There are more of these (most school projects that required parental involvement; any day I was "required" to attend Sunday School with them), but that's enough for now. But this is where I started to think the whole idea of the post was stupid - when I wanted to write down the good things, because they aren't really the best memories, just a few of the thousands of good ones:
+ We went through a string of really wonderful Disney movies I will always associate with my kids growing up: Beauty and the Beast, Lion King, Aladdin, The Hunchback of Notre Dame (though I could have done without Hakuna Matata).
+ The first time we all skied together.
+ The three children singing most of the libretto of Les Miz in the back seat of the car on trips to northern Michigan.
+ The canoe outing Matt and I took upon his "graduation" from Quarton School in Birmingham.
+ Eating take-away sushi and watching the strange BBC television shows when Arielle, James, and I rented a flat for a week in Mayfair while Arielle was doing her year at Oxford.
+ Playing tackle football with the boys in fifteen inches of snow in the backyard.
+ Arielle (age 12 or so, I think) and I causing a scene watching a community theater production of Noises Off because we were laughing so hard we fell off our seats.

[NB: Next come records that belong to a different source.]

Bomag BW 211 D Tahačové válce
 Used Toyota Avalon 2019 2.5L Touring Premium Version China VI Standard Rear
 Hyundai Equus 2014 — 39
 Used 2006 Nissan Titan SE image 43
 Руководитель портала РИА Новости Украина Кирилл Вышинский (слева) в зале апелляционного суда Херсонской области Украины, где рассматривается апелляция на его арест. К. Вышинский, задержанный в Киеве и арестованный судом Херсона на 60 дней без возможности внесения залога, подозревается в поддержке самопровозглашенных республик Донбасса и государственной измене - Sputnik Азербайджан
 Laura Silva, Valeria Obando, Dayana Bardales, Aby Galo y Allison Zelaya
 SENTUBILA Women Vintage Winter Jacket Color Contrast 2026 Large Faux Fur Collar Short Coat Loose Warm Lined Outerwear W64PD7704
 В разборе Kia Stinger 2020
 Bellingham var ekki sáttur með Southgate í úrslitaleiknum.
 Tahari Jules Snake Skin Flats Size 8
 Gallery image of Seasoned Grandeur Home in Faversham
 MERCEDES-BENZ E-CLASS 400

And finally, the stupidest parental image I can come up with on short notice. Both boys were decent (not great) driveway roller blade hockey players (Matt the best, I think, because we made him take ice skating lessons early on). We had a great driveway apron in Indianapolis, and because the boys wanted me to play with them, I would lace up roller blades, put on wrist guards, elbow pads, mouthguard, helmet, and knee pads, and hope to God I didn't suffer a closed head injury.